[DATA RECORDS Boundary: Start]

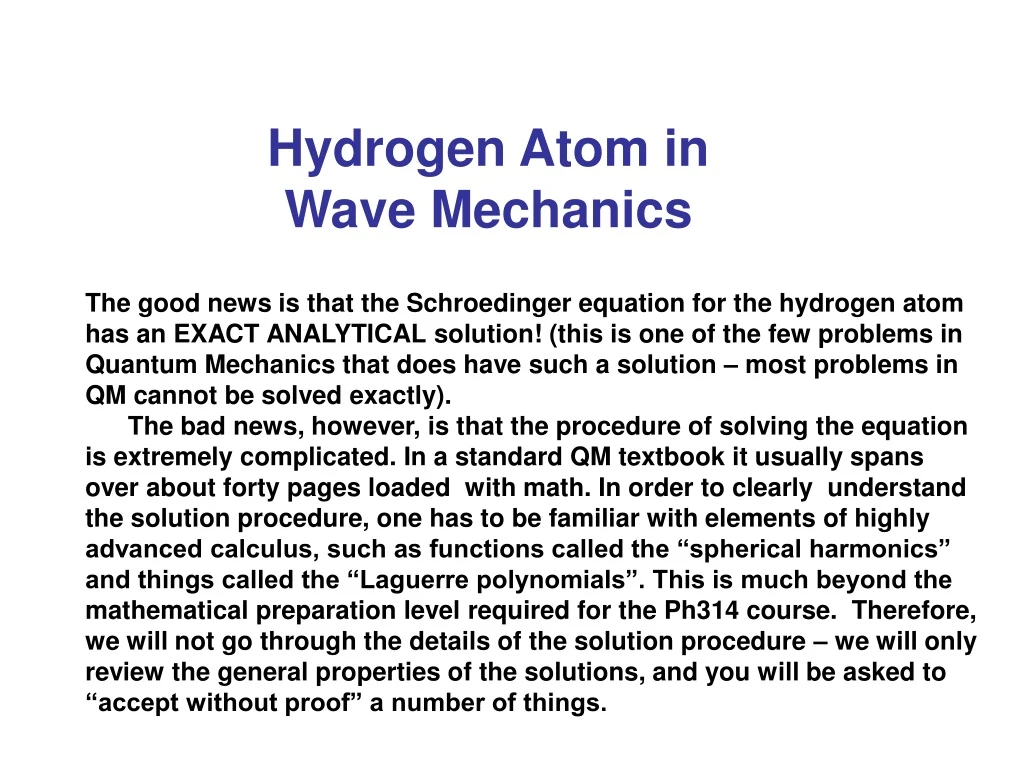 hydrogen atom in wave mechanics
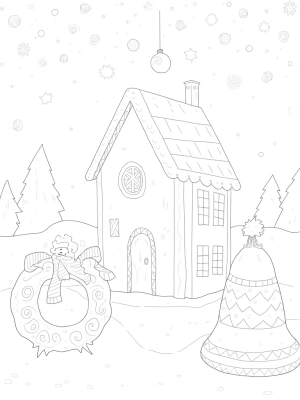 Gingerbread House with Candy Cane Pillars and a Snowman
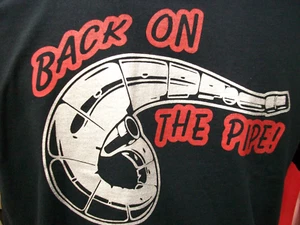 "Divertida Camiseta MX ATV 2 Golpes ""Back On The Pipe"" Negra Motocross GRANDE - Imagen 1 de 8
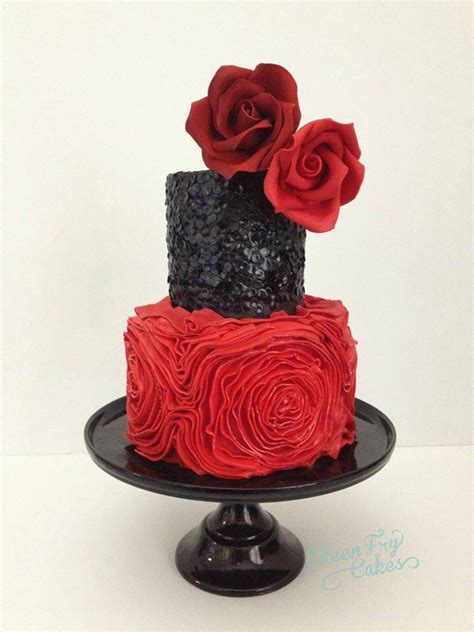 Red And Black Sequins Cake Red Cake Cake Halloween Wedding Cakes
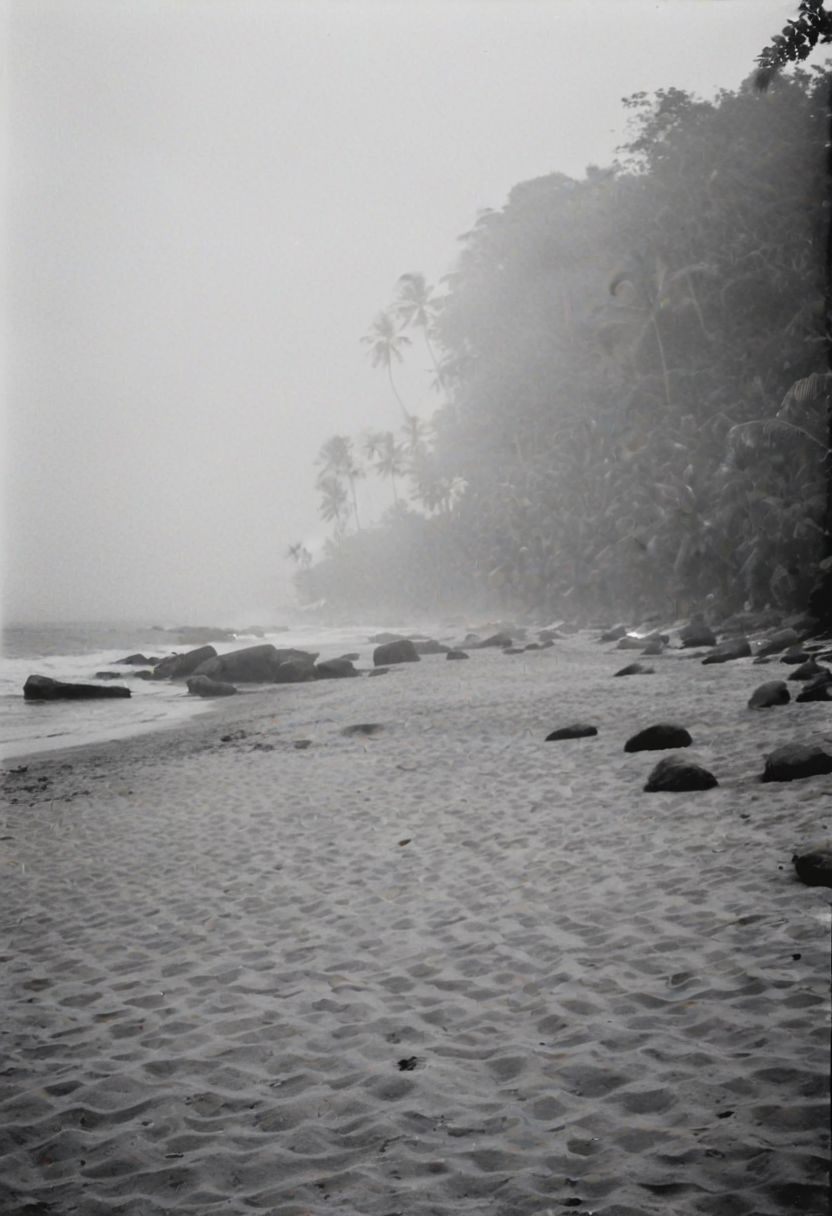 KB_Kentmere400, instagram photo, a foggy beacht in sri lanka,  soft shadows, film grain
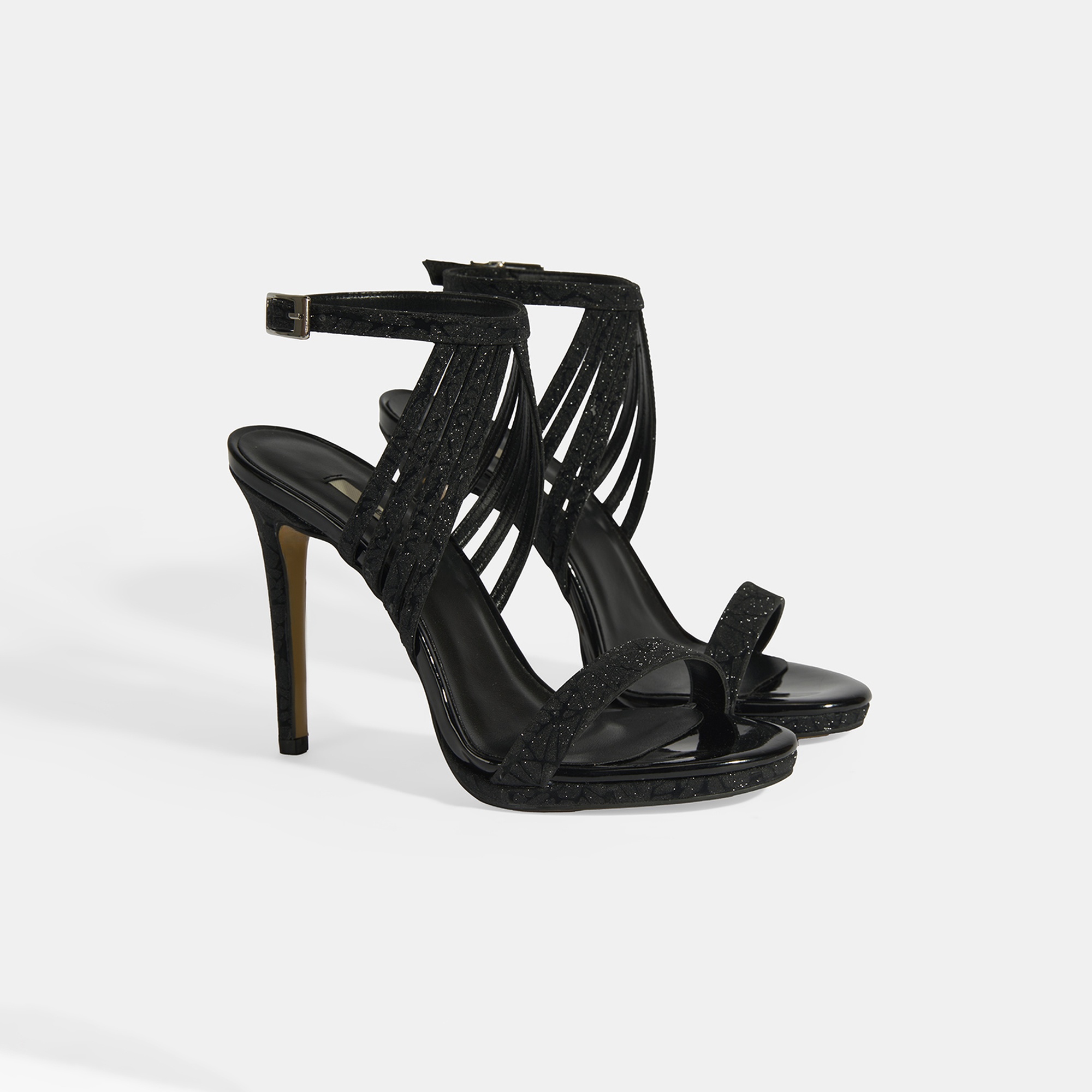 Kadın Siyah Simli Bantlı Topuklu Abiye Sandalet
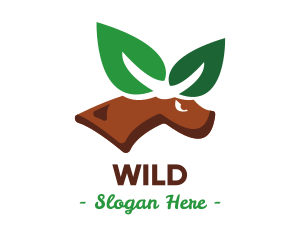 Horns - Eco Leaf Elk logo design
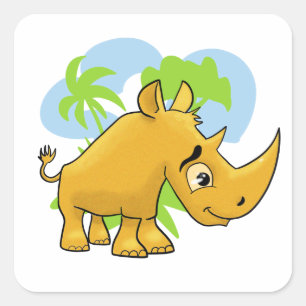 Pegatina Cuadrada Rhino maravilloso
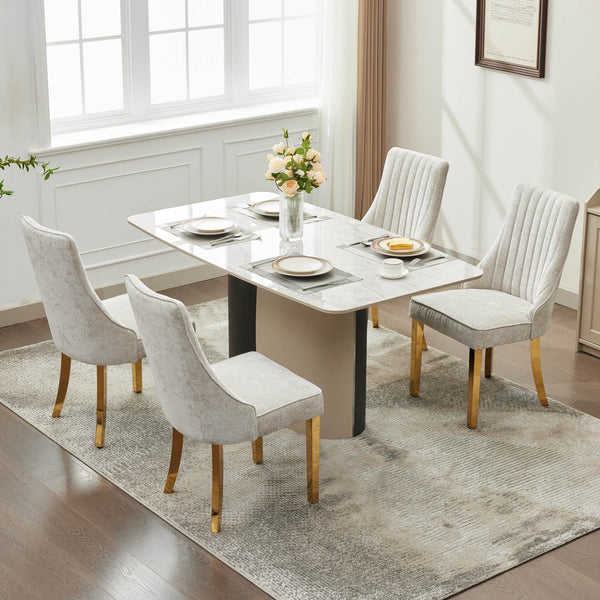 English Elm Rayon High Back Dining Chair Set with Plush Flocking Upholstery, Golden Stainless Legs, Comfort-Focused Design Beige W1143P293313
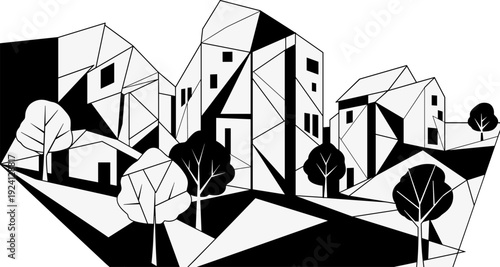 Geometric black and white abstract urban landscape with cubic structures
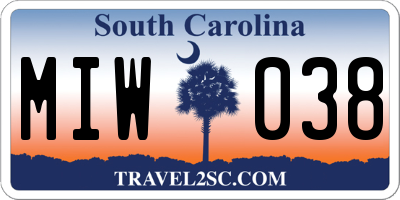 SC license plate MIW038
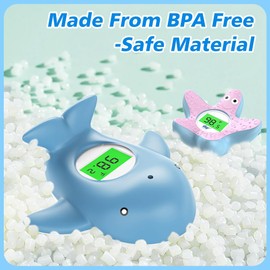 Baby Bath Thermometer, Instant Read Water Thermometer Safety with 3 Color Backlit and Temperature Warning, Room Thermometer Floating Toy for Infant, Toddler, Bathtub, Swimming Pool (Light Blue)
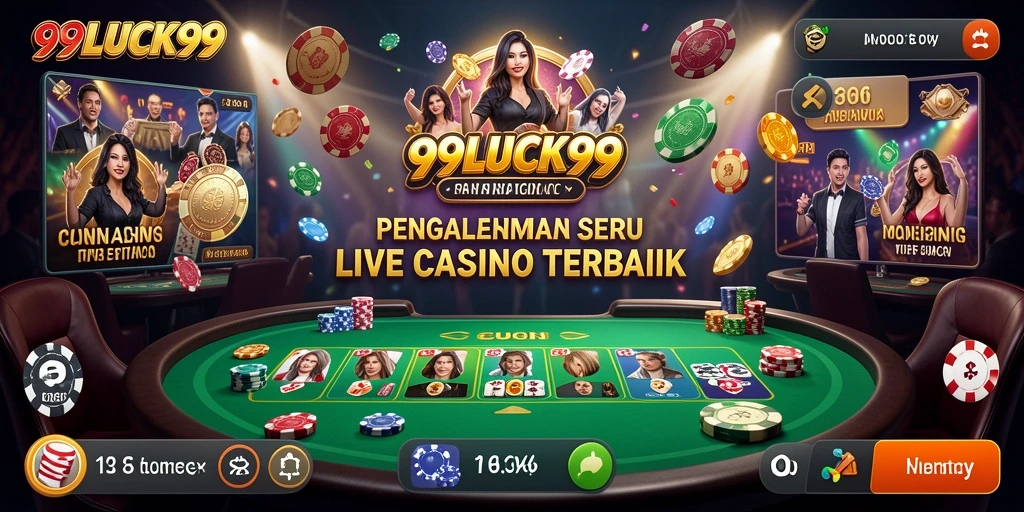 Tampilan utama gameplay Live Casino 99LUCK99 yang mendebarkan.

[DATA RECORDS Boundary: End]

ASSIGNMENT:
Before answering, please find the line containing "Baby Bath Thermometer, Instant" above, then copy exactly from it through the last line of the entries, both included, without pictures.

OUTPUT:
 Baby Bath Thermometer, Instant Read Water Thermometer Safety with 3 Color Backlit and Temperature Warning, Room Thermometer Floating Toy for Infant, Toddler, Bathtub, Swimming Pool (Light Blue)
 Tampilan utama gameplay Live Casino 99LUCK99 yang mendebarkan.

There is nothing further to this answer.